August 2007 Cover
Simon Gathercole's What Did Paul Really Mean? article in terms of Dogmas, Doctrines, Distinctives, and Details.*
Dogmas. Since the New Perspective focuses narrowly on what Paul says about Justification, which strikes at the heart of Soteriology (the means by which God planned to save mankind), it must be taken seriously. The issue is when the New Perspective is applied to Paul as his dedication “to warning against exclusivist national righteousness” (25) to the destruction of Justification. Gathercole does well critiquing the new perspective while saying that Jews still need to hear the gospel. The crux of his argument is rightfully “Christian faith” not as an add on to life, but something that “requires a complete reorientation of our whole attitude” and “response to God's specific promises” (27). His conclusion describing “what kind of faith” the bible defines and “what is wrong with works of the law” deserves a hearty “amen!” as he stresses that Paul “stresses that God is the sole operator in salvation” (28). Ultimately, he hits the nail on the head by stating that “true unity comes not at the expense of doctrine, but precisely around the central truths of the gospel” (27).
Doctrines. Since New Perspective scholars still agree with the traditional meaning of faith, they cannot be called heterodox, but since “advocates of this approach believe that the many cherished concerns of the Protestant Reformation were either wrong or ill-directed” (22) their theology must be addressed since full grown it can violate Christian Dogmas.

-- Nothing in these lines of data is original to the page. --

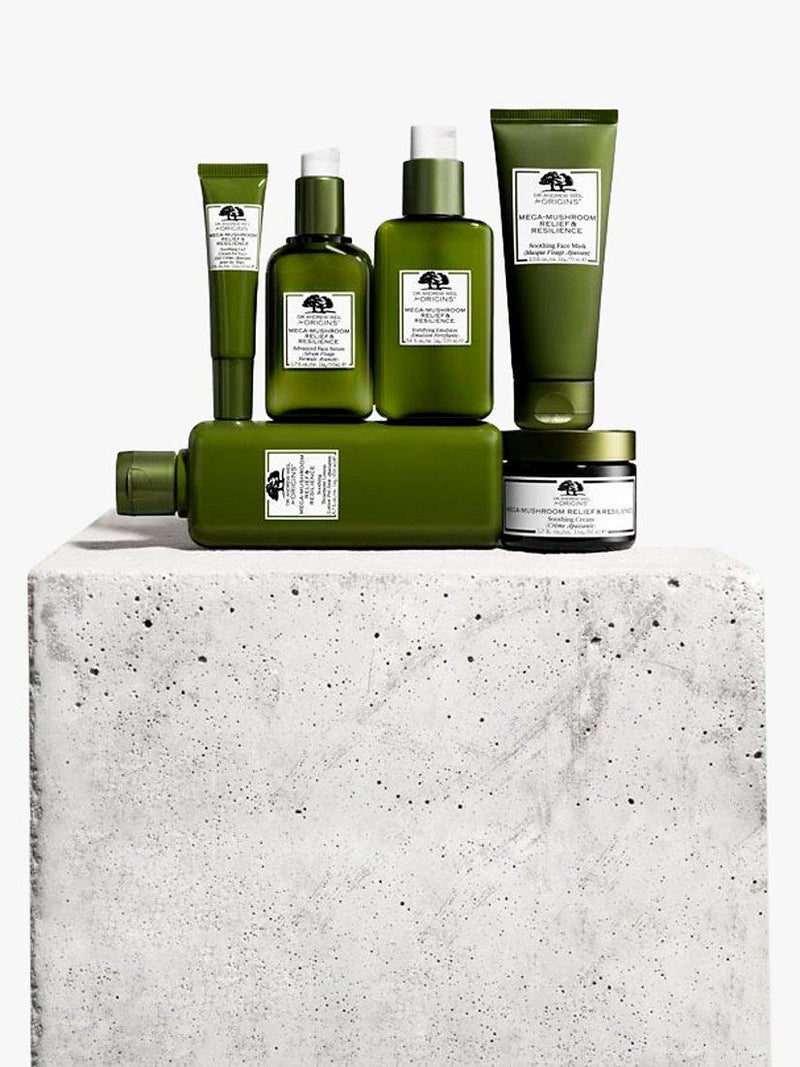 Origins Mega-Mushroom treatment lotion 100ml, UK version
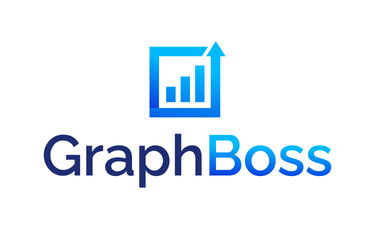 GraphBoss.com - buy Catchy premium domains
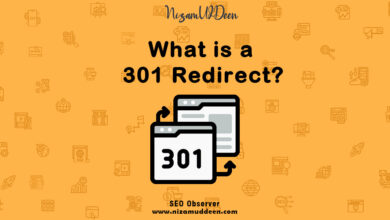 What is a 301 Redirect? Understand the Basics!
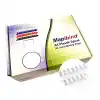 MAPİBİND 22 MM BEYAZ SPİRAL 100 LÜ 2012220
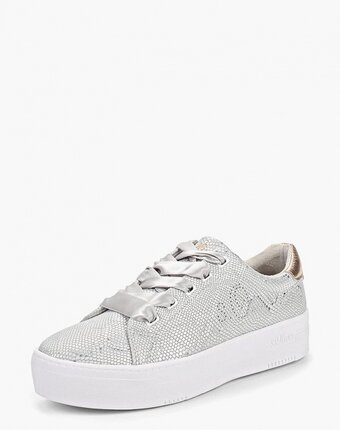 Миниатюра фотографии Кеды s.oliver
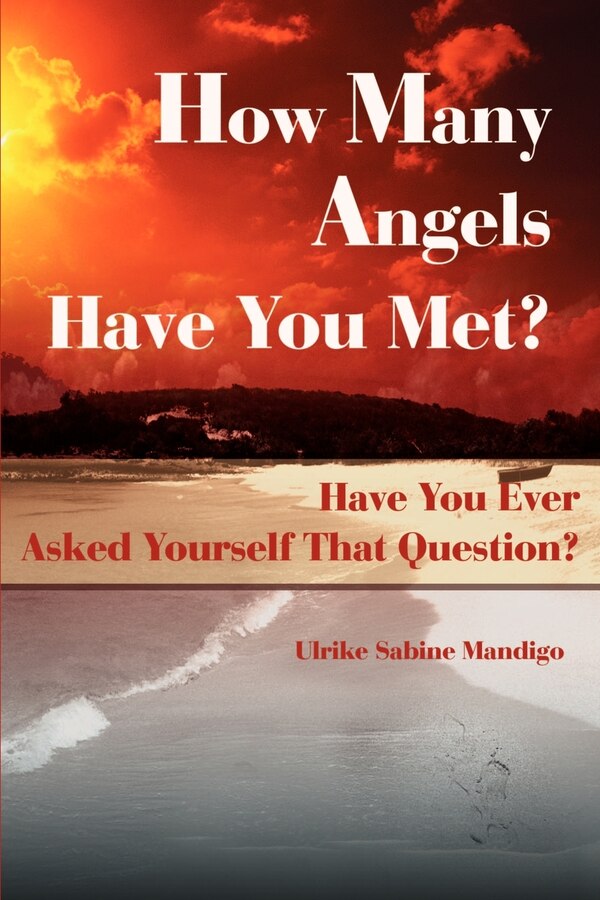 How Many Angels Have You Met? by Ulrike Sabine Mandigo, Paperback | Indigo Chapters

Areas that New Perspective proponents need to be cautious include: emphasizing that Jews did not think in terms of works-righteousness since Old Testament passages and Rabbinical documents teach that “obedience to the law was rewarded on judgment day” (26) and overemphasizing the collective nature of God's works in Salvation History to the detriment of individual responses to the Gospel. The most destructive is when proponents “confuse the content of justification with its application” so that the inclusion of Gentiles is promoted over the removal of sin, which if unchecked can lead to Universalism, or worse create a theology with no way for anyone to be reckoned righteous before God (26).
Gathercole beautifully highlights the inner workings of Justification, though these need not be understood precisely in order for one to be saved. He explains how Justification is “both a legal declaration of our status and a statement about our relationship with God” in which righteousness is imputed to us and there is nothing that can separate a justified person from God (27).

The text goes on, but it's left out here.